Posté par sylvie le 28 janvier 2012

On aimerait comprendre le fonctionnement de l’être humain, changer et aller mieux, mais on n’a pas forcément le temps de lire d’importants ouvrages de psychologie, ni l’envie de courir les stages de développement personnel… aussi, vais je essayer de faire des articles courts et concis pour aller à l’essentiel de la psychologie et du développement personnel, pour aider, s’aider, comprendre.

Aujourd’hui , un article sur la dépression.

DEPRESSION :  Le mal du siècle

Déprime ou dépression ? Si ces deux mots sont parfois confondus par le grand public, ils n’en restent pas moins fondamentalement différents. Et cette distinction peut être lourde de conséquences….

LA DEPRIME :

La déprime est un état passager, pouvant s’étendre de quelques heures à quelques jours, voire plus encore. Elle se caractérise par une humeur maussade et triste, une chute de l’enthousiasme, et une perte d’élan.  La personne déprimée affiche un moral au ras des pâquerettes , un air sombre , comme si le sorire et la motivation avaient décidé de fuir . Ramollie, amorphe, sans énergie, broyant  du noir, pessimiste, tel est le portrait de la déprime..

Mais cet état d’accablement n’a rien d’inquiétant. Il est parfaitement naturel et suit les mouvements de la vie: expansion, puis contraction , ouverture puis fermeture,dynamisme puis nonchalance, entrain,puis abattement. Notre cerveau est ainsi constitué qu’il ne peut fonctionner  à haut régime indéfiniment, et qu’il doit alterner des phases plus actives et plus passives.

De fait, les moments de déprime suivent des événements impliquant la perte, la contrariété, le doute, la remise en question :

                           – deui – séparation- rupture amoureuse

                           -perte des repères, écroulement d’un idéal ….

L’estime de soi est au plus bas, on ne sait pas si l’on pourra affronter le futur, l’avenir semble bouché, sans trop d’espoir.

La déprime est une forme de tristesse plus ou moins durable. En tant que telle, elle a été programmée dans nos gènes pour freiner notre élan et nous permettre de digérer les pertes subies. Sans ces moments de bas régime, la tentation serait grande de continuer à foncer , de faire comme si rien n’était arrivé. La tristesse est là pour nous inviter  à accuser le coup, à faire le deuil, à intégrer le changement et la parte dans nos vies.

TRAITEMENT DE LA DEPRIME

La tristesse est une émotion au meme titre que la colère ou la peur. Or, aucun ressenti ne peut durer éternellement.  Il s’agit toujours d’états passagers qui finissent par disparaître d’eux mêmes. Face à un état de déprime, le mieux est donc d’accepter  de le vivre et de le traverser, sans résister ou se forcer  à sourire  contre vents et marées.  N’oublions pas que l’existence alterne les moments heureux et les moments malheureux! Accueillir la déprime, lui faire une petite place en soi , et la laisser partir comme elle était venue ….

LA DEPRESSION

Et si la déprime se prolongeait, ne s’éteignait pas spontanément ?  Il conviendrait alors de vérifier si la dépression n’est pas entrée en jeu . Cette dernière se démarque  clairement de la déprime : c’est un état pathologique, dument répertorié comme trouble mental..(on ne parle plus de maladie mentale actuellement).

Certains symptomes de la dépression s’apparentent à la déprime :

                       Manque de motivation – perte d’appetit, perte de plaisir,

                       Tristesse marquée, sentiments de culpabilité,idées noires

Mais l’intensité en est nettement plus marquée avec des conséquences plus sévères.La déprime vous ralentit, la dépression vous freine.

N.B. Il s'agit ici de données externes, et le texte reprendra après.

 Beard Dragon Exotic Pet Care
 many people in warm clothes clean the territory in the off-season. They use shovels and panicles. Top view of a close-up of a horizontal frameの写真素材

En plus d’une intensité accrue des symptômes psychiques, la dépression s’accompagne de modifications physiologiques :

                  -  Perturbation des rythmes de sommeil( insomnie ou hypersomnie)

                  – Modification de l’appêtit (perte ou prise de poids significative)

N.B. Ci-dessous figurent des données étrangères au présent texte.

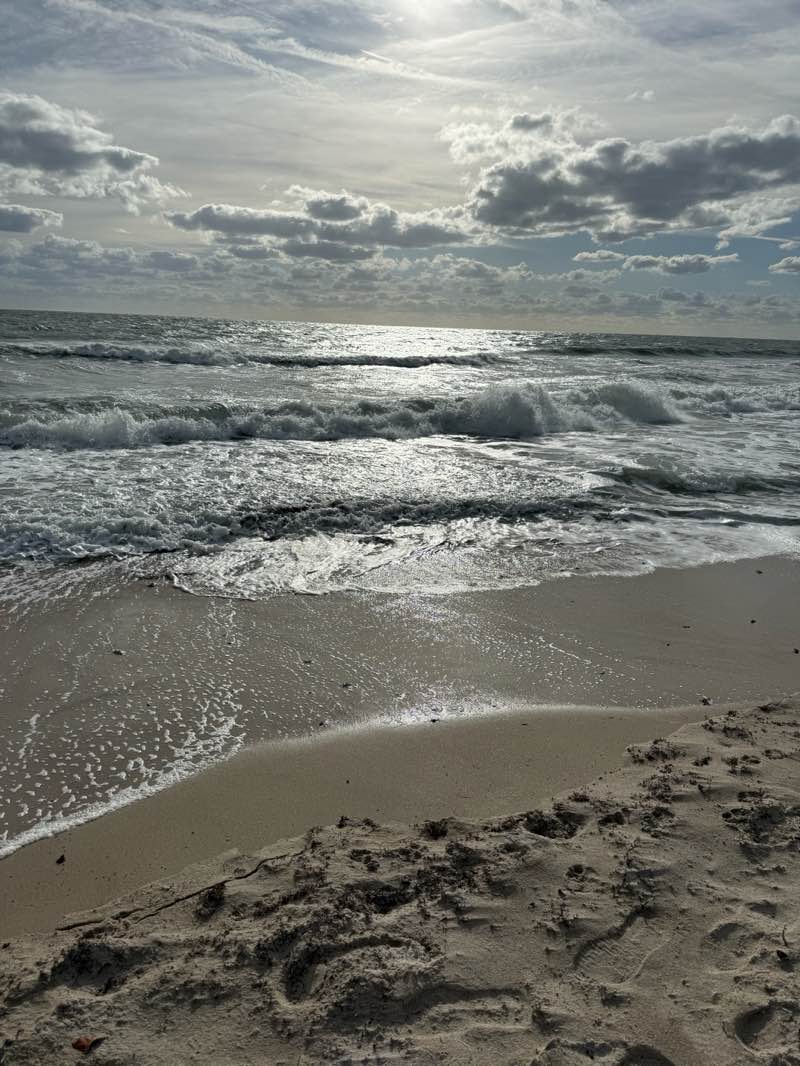 walking near me in Fort Pierce Inlet State Park in spring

                  – un ralentissement général de l’activité psychomotrice ( la personne semble ralentie, ses traits moins expressifs, elle doit prendre plus de temps pour chaque action à accomplir)..

On  ne connaît pas à l’heure actuelle les causes de la dépression, qui, contrairement à la déprime , n’est pas le résultat d’un évènement précis, fut-il particulièrement tragique.Cette absence de déclencheurs nets et clairement identifiables est même une caractéristique de ce trouble de l’humeur.

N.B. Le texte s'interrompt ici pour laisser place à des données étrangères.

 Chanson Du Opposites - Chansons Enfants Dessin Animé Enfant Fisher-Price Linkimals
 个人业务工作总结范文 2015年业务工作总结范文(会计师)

De plus il existe plusieurs formes de dépression :

                La dépression saisonnière qui intervient chez certaines personnes lors de la baisse de luminosité automnale

                La dépression post-partum de la jeune accouchée

                La dépression mélancolique .

Contrairement à la déprime qui est par nature passagère, la dépression peut se prolonger et devenir chronique. Elle nécessite une attention particulière  tant les risques qu’elle fait courir au patient sont importants.(tentative de suicide )  il ne faut donc pas attendre trop longtemps avant de traiter une dépression. A l’heure actuelle plus de 2O%  de femmes et 1O%  des hommes souffrent de ce trouble  dans les sociétés industrialisées.

Les traitements qui démontré le plus d’efficacité reposent sur la combinaison de médicaments antidépresseurs et de psychothérapie (principalement cognito-comportemental). Le seul recours aux antidépresseurs présente le danger de forts taux de rechute à l’arrêt du produit .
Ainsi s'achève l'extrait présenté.